Kubernetes network learning with Cilium and eBPF

13 min readSep 25, 2023

This is the fifth installment in the series on Kubernetes networking learning, and it is planned to be the last one as previously outlined.

Background

Last year, I posted an article titled “Enhancing Kubernetes Network Security with Cilium” having had some exposure to Cilium, utilizing Cilium’s network policies to restrict communication between pods at the network level. However, at that time, I did not delve into its implementation principles, nor did I have a deep understanding of Kubernetes networking and CNI. This time, we explore Cilium’s network through a practical environment.
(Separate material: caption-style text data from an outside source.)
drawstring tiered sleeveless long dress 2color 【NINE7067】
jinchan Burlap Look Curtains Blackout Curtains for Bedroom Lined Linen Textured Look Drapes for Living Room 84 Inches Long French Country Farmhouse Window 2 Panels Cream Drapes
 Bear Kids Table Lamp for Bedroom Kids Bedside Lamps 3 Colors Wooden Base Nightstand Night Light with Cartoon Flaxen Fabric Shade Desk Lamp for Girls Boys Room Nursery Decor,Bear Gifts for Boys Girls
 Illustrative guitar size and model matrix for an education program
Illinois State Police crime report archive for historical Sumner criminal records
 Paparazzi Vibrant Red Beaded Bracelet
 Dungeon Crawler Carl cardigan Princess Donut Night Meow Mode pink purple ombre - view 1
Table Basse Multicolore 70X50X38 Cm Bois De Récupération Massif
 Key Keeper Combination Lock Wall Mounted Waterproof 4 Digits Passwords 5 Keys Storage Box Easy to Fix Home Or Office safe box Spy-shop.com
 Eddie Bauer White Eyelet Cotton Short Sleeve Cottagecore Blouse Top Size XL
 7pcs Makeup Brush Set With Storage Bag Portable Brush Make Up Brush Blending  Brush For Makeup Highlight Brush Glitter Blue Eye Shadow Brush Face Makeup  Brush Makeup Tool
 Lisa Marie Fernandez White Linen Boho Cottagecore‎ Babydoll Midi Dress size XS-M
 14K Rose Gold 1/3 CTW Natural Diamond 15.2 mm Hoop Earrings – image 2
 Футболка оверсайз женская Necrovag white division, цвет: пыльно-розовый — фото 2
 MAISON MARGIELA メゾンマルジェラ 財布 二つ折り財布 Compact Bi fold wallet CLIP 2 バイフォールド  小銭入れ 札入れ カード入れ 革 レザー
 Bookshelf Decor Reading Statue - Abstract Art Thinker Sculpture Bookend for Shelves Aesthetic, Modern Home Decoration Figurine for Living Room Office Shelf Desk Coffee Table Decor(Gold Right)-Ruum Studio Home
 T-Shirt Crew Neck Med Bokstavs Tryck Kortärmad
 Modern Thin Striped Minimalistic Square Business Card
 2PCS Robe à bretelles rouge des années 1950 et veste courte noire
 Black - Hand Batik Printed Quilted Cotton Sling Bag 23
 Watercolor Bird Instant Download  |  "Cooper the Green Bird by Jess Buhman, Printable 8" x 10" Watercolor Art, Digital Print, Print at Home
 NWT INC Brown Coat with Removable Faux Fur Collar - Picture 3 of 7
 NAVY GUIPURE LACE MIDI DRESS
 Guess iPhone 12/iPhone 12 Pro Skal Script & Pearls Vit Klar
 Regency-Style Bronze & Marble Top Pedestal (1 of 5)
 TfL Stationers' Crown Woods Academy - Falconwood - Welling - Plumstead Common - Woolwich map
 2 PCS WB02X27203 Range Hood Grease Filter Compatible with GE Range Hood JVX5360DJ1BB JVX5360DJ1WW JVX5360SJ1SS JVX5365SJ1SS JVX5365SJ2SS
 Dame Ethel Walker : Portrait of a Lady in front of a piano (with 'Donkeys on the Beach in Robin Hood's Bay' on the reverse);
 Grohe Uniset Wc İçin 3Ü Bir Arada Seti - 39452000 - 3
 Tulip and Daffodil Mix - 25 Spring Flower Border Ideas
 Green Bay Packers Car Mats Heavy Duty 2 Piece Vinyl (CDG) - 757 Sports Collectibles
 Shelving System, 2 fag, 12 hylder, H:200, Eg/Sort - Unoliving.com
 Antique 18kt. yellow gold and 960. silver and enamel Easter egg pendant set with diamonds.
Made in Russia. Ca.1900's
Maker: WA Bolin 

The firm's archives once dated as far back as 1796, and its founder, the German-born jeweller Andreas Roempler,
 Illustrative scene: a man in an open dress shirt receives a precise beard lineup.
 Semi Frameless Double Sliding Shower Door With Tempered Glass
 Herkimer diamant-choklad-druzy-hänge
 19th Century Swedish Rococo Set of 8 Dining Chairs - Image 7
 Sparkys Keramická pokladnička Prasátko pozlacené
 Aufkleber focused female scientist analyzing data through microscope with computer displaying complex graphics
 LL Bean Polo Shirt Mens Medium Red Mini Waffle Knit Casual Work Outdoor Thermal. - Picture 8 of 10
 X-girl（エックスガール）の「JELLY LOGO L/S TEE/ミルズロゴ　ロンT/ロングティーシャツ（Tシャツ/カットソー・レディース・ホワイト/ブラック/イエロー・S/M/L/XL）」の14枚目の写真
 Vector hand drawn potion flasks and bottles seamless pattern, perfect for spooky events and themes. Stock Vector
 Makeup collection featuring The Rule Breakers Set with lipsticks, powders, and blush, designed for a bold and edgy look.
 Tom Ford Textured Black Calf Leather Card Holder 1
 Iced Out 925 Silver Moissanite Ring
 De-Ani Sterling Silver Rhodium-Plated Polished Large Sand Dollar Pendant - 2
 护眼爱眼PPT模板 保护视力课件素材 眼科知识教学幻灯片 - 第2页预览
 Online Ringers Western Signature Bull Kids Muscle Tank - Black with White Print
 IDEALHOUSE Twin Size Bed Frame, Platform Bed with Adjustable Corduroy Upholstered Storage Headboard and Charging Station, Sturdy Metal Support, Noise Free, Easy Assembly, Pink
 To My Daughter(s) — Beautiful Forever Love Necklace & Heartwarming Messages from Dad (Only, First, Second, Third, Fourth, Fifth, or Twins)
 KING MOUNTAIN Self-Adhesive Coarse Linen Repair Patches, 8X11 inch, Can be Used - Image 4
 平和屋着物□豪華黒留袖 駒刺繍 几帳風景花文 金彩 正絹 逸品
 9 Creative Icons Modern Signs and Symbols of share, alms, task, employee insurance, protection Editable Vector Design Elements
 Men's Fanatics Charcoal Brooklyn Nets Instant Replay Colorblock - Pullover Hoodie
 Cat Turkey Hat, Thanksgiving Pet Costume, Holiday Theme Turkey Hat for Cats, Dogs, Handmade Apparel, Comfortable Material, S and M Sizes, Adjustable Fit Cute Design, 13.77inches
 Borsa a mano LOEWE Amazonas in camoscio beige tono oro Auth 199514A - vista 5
The Cilium version used in this article is v1.12.3, the operating system is Ubuntu 20.04, and the kernel version is 5.4.0–91-generic.

Introduction to Cilium

Cilium is an open-source software designed to provide, protect, and observe network connectivity between container workloads (cloud-native) powered by the revolutionary kernel technology eBPF.

What is eBPF?

The Linux kernel has always been an ideal place for implementing monitoring/observability, networking, and security features. However, in many cases, this is not an easy task as it requires modifying kernel source code or loading kernel modules, ultimately adding new abstractions on top of existing ones. eBPF is a revolutionary technology that enables running sandboxed programs within the kernel without the need for modifying kernel source code or loading kernel modules.
Making the Linux kernel programmable allows the creation of more intelligent, feature-rich infrastructure software based on existing (rather than adding new) abstraction layers, without increasing system complexity, sacrificing execution efficiency, or compromising security.

Linux’s kernel provides a set of BPF hooks on the network stack, which can trigger the execution of BPF programs. Cilium datapath utilizes these hooks to load BPF programs, creating a more advanced network structure.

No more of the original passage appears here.